Of note is "link up 1.5 Gbps", so that would be a problem. I think the kernel is configured properly. When I get home tonight I'm going to check the physical board and the cables (the board in particular, one revision of the board has some connectors which are only SATA 1.5 Gbps, I guess). Fixing that would be nice, but I would assume that the PATA drives would still slow down the array somewhat? I'm thinking of replacing them with some more SATA drives.

So I'm thinking this isn't very RAID related anymore. I don't suppose there's a way to do a hdparm-like write test on the disks without deconstructing the array?

----------

## NeddySeagoon

bssteph,

For 7200rpm drives the head/platter data rate is around 60Mb sec, which is approximately what you get for your sustained data rate for your single drives. It depends when on the platter the test runs, outer tracks have more sectors per track than inner ones, so the data rate is higher there.

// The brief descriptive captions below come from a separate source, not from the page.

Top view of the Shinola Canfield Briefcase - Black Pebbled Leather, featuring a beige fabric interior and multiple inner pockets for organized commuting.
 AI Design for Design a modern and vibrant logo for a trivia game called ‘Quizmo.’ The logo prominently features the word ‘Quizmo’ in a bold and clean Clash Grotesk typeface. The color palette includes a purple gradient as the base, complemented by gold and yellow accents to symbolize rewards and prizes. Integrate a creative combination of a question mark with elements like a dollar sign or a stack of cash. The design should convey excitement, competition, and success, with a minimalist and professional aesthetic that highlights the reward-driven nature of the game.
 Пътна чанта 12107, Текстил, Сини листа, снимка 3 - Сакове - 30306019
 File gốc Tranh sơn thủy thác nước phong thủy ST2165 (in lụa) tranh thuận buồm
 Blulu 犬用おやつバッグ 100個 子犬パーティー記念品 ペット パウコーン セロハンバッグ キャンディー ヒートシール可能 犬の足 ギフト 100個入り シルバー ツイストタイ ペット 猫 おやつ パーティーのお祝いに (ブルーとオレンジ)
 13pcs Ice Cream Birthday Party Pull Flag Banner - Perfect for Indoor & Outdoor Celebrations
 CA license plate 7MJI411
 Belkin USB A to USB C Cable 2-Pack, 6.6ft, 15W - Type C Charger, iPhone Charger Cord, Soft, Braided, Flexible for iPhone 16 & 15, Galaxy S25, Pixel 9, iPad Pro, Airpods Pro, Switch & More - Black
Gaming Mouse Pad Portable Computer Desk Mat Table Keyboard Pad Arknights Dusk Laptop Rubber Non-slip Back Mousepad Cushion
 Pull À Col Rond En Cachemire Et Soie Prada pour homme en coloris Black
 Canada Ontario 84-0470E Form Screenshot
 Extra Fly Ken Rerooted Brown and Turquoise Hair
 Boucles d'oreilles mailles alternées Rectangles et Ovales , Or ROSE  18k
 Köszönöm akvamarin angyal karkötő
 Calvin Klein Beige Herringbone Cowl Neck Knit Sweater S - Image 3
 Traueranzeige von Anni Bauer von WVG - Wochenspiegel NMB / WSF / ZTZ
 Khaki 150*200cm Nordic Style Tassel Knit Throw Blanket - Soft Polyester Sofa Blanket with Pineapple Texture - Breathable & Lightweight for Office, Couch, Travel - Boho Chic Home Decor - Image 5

The connection speed only helps getting data into and out of the drive cache, it plays no part in the sustained data rate.

The buffered reads from /dev/md0, at 163MB/sec shows you are up against the head/platter limit again and the raid 5 data shuffling plays a very small or no part in the data rate limit.

As you say, you cannot write test the drives individually but the write speed will be the same as the read speed, for the same reason, the head/platter data rate. You can write a large file to /dev/md0 to test its write rate.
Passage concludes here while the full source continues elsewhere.